As you might have already noticed, this is a single-iteration loop too. But it has quite different structure than the previous one: instead of using x
to terminate the cycle, we employ the second variable ml99_priv_break
(originated from Metalang99, the underlying metaprogramming library). Why? Because otherwise, if x
is leaved unused by a user, a compiler will not emit a warning, which is undesirable in our case.
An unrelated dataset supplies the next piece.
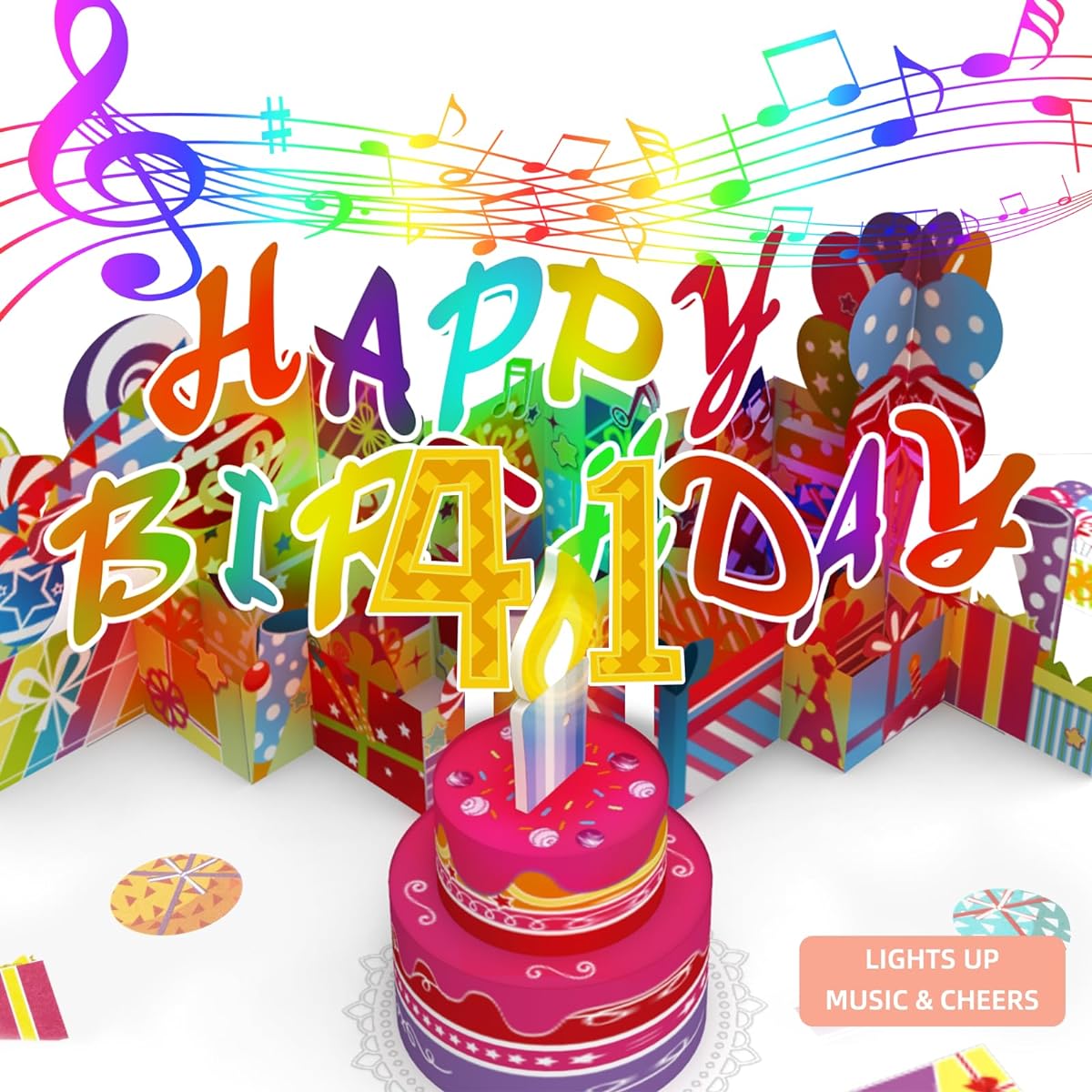 Gumry 41ST Musical Birthday PopUp Card, Blowable LED Light Candle 3D Cards with Song 'HAPPY', Applause Cheers Sound,Color-Changing Lights,Colourful Greeting Cards for Women Men Turning 41 Years Old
Why we generate the long chains of statement prefix loops instead of plain variable definitions? Because all case
branches in switch
share a single lexical scope, meaning that two variables with the same name cannot be defined in two different case
branches. In contrast to this, for (...)
opens a new lexical scope, thus allowing for the same binding names in two distinct of
branches.
So what we have in summary? Consider this code snippet:
datatype(
BinaryTree,
(Leaf, int),
(Node, BinaryTree *, int, BinaryTree *)
);
int sum(const BinaryTree *tree) {
match(*tree) {
of(Leaf, x) return *x;
of(Node, lhs, x, rhs) return sum(*lhs) + *x + sum(*rhs);
}
return -1;
}
Here, of(Leaf, x)
expands to
for (Leaf_0 *x = &((LeafSumT *)datatype99_priv_matched_val)->data.Leaf._0,
*ml99_priv_break = (void *)0;
ml99_priv_break != (void *)1; ml99_priv_break = (void *)1)
, while of(Node, lhs, x, rhs)
expands to
for (Node_0 *lhs = &((NodeSumT *)datatype99_priv_matched_val)->data.Node._0,
*ml99_priv_break = (void *)0;
ml99_priv_break != (void *)1; ml99_priv_break = (void *)1)
for (Node_1 *x = &((NodeSumT *)datatype99_priv_matched_val)->data.Node._1,
*ml99_priv_break = (void *)0;
ml99_priv_break != (void *)1; ml99_priv_break = (void *)1)
for (Node_2 *rhs = &((NodeSumT *)datatype99_priv_matched_val)->data.Node._2,
*ml99_priv_break = (void *)0;
ml99_priv_break != (void *)1; ml99_priv_break = (void *)1)
After both of them, a return
statement follows, thus completing the statement prefixes chain.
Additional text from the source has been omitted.